Loading http://www.debka.com/headline.php?hid=5579 hits the following ASSERT: ASSERTION FAILED: m_refCount >= 0 (/Users/mlilek/Documents/WebKit/JavaScriptCore/VM/RegisterID.h:92 void JSC::RegisterID::deref()) Thread 0 Crashed: 0 com.apple.JavaScriptCore 0x004aa0da JSC::RegisterID::deref() + 82 (RegisterID.h:92) 1 com.apple.JavaScriptCore 0x004ad15f WTF::RefPtr<JSC::RegisterID>::~RefPtr() + 31 (RefPtr.h:50) 2 com.apple.JavaScriptCore 0x0047fcd5 JSC::CodeGenerator::emitConstruct(JSC::RegisterID*, JSC::RegisterID*, JSC::ArgumentsNode*) + 749 (CodeGenerator.cpp:1129) 3 com.apple.JavaScriptCore 0x004808c3 JSC::NewExprNode::emitCode(JSC::CodeGenerator&, JSC::RegisterID*) + 167 (nodes.cpp:412)

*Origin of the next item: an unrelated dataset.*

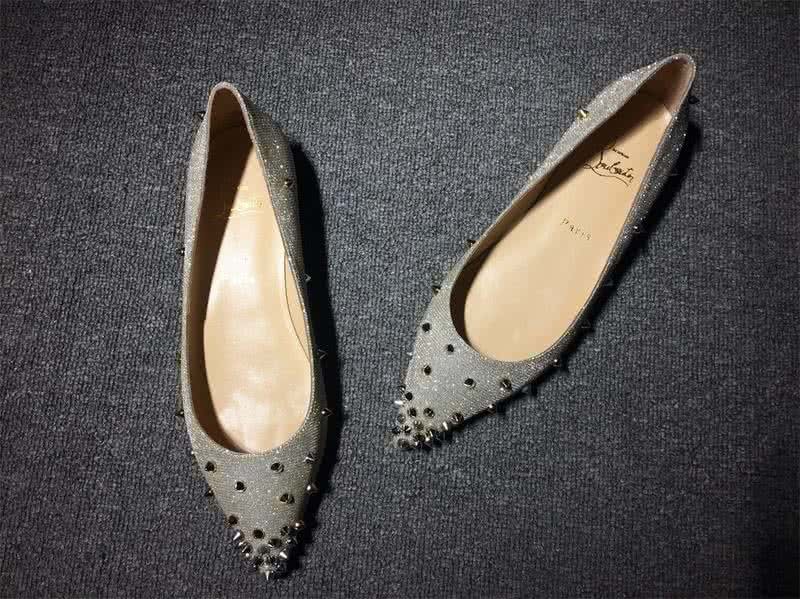 Christian Louboutin Women's Flats Grey Fabric And Rivets 3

Created attachment 23442 [details] Full crashlog
This doesn't crash in the latest nightly (r36403).
Matt, should we close this bug?
(In reply to comment #3) > Matt, should we close this bug? > Thats up to you and whether you think this is worth investigating. I'll bump this down to a P2 since it only happens in a debug build.
Sorry! I forgot that nightly == release build. Back up to P1. We definitely want to fix this.
I'll assign this to myself. The problem is that in the CodeGenerator::emitConstruct() function, the local RefPtr<RegisterID> funcProto has a negative count after it is deref'd. I don't quite understand why just yet, but hopefully it won't be too hard to fix.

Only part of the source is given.